Banken erhalten künftig nach der jüngsten Zinsanhebung 3,5 Prozent, wenn sie bei der Notenbank überschüssige Gelder parken, während sie 4,00 Prozent für wöchentliche Kredite und 4,25 Prozent für Übernachtkredite zahlen müssen. Die Abstände zwischen dem Einlagen-, dem Hauptrefinanzierungs- und dem Spitzenrefinanzierungssatz sind seit vielen Jahren uneinheitlich. Dies hängt auch damit zusammen, dass die EZB den Einlagensatz in den Jahren ab 2014 immer tiefer ins Minus gesenkt hatte, um die damals sehr niedrige Inflation zu bekämpfen.
Eine mögliche Angleichung der Korridore sei auf einem EZB-Seminar am Mittwoch, dem ersten Tag der jüngsten Zinssitzung, diskutiert worden, sagten mehrere Insider der Nachrichtenagentur Reuters. Dabei sei auch die Option einer Veränderung der Abstände präsentiert worden. Die Währungshüter hätten das Thema aber schnell auf Eis gelegt. Die meisten seien der Ansicht gewesen seien, ein solcher Schritt könne womöglich die geldpolitische Botschaft verzerren und würde zudem derzeit keinen Unterschied machen. Banken besässen noch ausreichend Reserven und liehen sich nur wenig von der Notenbank. Ausserdem seien die Euro-Wächter momentan ganz mit den Zinserhöhungen beschäftigt sowie mit dem Abbau der durch jahrelangen Anleihenkäufe stark gewachsenen Notenbankbilanz. Ein EZB-Sprecher lehnte eine Stellungnahme zu den Informationen ab.

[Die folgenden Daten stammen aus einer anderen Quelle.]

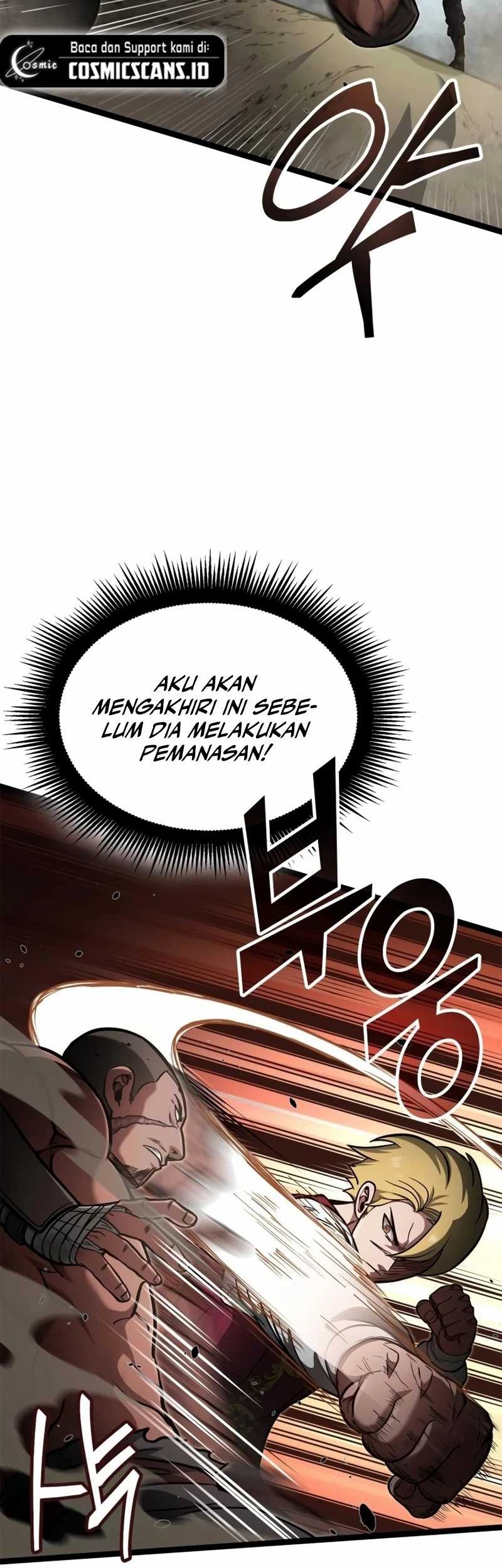 Kalli the Champion Chapter 68 Gambar 62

Eine Änderung der Korridore gilt auch für den Juli als unwahrscheinlich. Dies könnte Teil einer grösseren Überprüfung des geldpolitischen Rahmens sein und würde die Abkehr von einer Ära des lockeren Geldes hin zu einer Ära zementieren, in der Banken nicht mehr reichlich mit Geld ausgestattet sind und sie es sich stattdessen verstärkt bei der Zentralbank leihen müssen. Das Thema könnte in den kommenden Monaten an Bedeutung gewinnen, da dem Bankensystem im Zuge des EZB-Bilanzabbaus Liquidität entzogen wird. Ab Juli will die EZB die Tilgungsbeträge aus dem billionenschweren älteren Anleihenkaufprogramm APP nicht wieder anlegen.